You can read more about the "NPO relationship", but I'll try to summarize what being a national portfolio organisation (NPO for short) means.
It means extra accountability for the organisation in terms of how they spend and acquire their money over a three-year period. An organisation cannot be solely reliant on one pot of money, and there is more emphasis on examining how an organisation is doing financially;
It requires plans for the organisation to develop and grow in the ways it performs, grows the sector, and is governed. This requires the organisation to be self-reflective and responsive and to produce evidence of these things; and
It adheres that organisation to the Arts Council's goals and priorities.
There have been a couple of voices on Facebook and Twitter that have hinted [but I should add not yet clearly articulated] that Jazz Services may have fallen at the first and second of these. But from where I sit, this isn't the time for whispering. It may need changes to grow and respond, but being cryptic about what it needs to do this—especially as Jazz Services is about to talk to the Arts Council about the decision—is perhaps less than helpful.
It's also worth noting that there are more music organisations outside London that are on the portfolio. And with regard to NPO funding, Jazz Services is not seen as a national music organisation—it's seen as a music organisation based in London.
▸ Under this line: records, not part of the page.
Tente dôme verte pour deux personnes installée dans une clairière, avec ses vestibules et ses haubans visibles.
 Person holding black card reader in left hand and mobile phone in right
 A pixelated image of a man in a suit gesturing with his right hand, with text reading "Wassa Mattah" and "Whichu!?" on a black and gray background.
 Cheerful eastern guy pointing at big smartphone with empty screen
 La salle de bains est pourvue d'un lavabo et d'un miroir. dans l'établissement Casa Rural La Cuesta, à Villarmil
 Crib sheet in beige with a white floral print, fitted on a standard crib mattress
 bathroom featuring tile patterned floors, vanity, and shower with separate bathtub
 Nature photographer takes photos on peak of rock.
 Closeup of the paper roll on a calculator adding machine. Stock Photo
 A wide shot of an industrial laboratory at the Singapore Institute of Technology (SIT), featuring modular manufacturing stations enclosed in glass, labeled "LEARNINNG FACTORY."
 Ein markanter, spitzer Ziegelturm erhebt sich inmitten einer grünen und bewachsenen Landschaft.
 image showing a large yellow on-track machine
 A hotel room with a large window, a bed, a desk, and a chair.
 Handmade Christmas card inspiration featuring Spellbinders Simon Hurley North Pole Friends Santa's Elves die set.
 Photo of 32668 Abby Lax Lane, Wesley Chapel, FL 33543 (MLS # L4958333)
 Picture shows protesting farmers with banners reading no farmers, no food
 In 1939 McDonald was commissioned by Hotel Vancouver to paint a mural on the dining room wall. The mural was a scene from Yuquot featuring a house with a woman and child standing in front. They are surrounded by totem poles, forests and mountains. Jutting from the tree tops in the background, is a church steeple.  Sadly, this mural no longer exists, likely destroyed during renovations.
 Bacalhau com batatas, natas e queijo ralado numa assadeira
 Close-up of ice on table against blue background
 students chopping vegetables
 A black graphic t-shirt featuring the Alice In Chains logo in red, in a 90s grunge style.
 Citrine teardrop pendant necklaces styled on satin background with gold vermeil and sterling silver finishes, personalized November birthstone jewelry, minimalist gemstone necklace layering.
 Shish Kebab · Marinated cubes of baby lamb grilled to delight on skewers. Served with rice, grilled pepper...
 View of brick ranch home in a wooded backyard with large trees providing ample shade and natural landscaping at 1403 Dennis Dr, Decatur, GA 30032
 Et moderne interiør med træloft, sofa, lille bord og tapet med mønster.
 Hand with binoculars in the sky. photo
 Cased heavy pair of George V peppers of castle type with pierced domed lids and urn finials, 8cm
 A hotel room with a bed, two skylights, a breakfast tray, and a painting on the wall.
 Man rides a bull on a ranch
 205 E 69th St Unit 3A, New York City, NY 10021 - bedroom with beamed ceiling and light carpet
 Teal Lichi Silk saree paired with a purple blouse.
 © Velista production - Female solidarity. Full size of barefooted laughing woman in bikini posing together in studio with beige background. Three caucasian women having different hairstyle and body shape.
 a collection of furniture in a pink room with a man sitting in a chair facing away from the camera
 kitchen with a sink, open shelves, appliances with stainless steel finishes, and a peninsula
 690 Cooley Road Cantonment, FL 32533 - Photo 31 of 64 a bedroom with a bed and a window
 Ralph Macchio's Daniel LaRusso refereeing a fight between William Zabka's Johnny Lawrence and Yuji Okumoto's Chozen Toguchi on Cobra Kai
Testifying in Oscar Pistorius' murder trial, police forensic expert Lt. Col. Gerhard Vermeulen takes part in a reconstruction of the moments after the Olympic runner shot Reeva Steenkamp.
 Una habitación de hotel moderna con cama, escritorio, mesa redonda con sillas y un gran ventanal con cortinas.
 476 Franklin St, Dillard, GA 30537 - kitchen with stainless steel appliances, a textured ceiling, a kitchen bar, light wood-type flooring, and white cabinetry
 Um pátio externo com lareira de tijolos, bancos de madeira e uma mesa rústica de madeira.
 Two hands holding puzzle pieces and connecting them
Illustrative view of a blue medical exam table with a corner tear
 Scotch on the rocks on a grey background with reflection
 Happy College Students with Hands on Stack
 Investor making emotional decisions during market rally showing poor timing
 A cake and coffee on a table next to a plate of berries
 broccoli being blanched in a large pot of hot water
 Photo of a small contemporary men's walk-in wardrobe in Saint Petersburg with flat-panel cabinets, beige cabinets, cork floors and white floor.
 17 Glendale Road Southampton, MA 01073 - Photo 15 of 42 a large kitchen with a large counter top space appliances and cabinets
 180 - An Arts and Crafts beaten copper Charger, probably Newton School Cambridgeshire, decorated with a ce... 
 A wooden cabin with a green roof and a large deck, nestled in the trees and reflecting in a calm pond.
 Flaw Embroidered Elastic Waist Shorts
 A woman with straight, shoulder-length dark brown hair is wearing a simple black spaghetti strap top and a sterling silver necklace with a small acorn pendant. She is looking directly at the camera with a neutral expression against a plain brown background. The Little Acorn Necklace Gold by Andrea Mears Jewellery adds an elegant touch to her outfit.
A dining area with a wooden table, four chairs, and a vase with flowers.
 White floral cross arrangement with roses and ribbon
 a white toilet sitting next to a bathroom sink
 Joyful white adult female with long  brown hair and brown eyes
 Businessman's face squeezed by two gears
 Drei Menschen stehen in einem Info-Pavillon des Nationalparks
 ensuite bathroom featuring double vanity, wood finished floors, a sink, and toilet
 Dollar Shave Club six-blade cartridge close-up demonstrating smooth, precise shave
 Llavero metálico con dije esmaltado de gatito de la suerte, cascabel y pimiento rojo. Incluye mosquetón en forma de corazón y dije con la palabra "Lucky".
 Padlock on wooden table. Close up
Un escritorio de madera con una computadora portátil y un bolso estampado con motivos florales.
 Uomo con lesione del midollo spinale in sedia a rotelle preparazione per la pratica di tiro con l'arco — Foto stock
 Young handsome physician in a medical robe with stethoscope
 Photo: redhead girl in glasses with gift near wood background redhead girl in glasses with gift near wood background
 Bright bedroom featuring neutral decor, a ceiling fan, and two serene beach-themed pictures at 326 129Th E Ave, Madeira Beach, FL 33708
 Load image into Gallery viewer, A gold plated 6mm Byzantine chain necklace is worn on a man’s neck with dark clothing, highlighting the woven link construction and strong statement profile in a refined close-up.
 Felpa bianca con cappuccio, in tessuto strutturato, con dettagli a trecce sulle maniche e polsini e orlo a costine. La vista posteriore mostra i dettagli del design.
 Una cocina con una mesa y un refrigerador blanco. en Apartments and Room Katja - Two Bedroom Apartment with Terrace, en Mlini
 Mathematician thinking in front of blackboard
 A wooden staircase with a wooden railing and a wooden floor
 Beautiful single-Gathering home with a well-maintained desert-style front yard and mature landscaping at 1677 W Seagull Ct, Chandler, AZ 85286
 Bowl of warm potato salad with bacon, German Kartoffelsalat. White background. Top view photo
But Jazz Services is a binding organisation in our field: whatever else some of us may disagree on, many of us agree about the importance of a national organisation that is approachable and works on a human level, to give musicians opportunities to get their work out there. Given the budgetary constraint that Jazz Services has had to contend with decade on decade, it has done this as fairly as it can; and as an organisation it supports the scene nationally in ways beyond the financial. This is why the news has hit the scene so hard, and it is also why we who love the music feel a range of emotions from sadness to disgust about the decision.
But Jazz Services is not dead: and if we care enough about it, we all have until next March to do some deep thinking about how to save it. Let's encourage some smart people to start speaking up.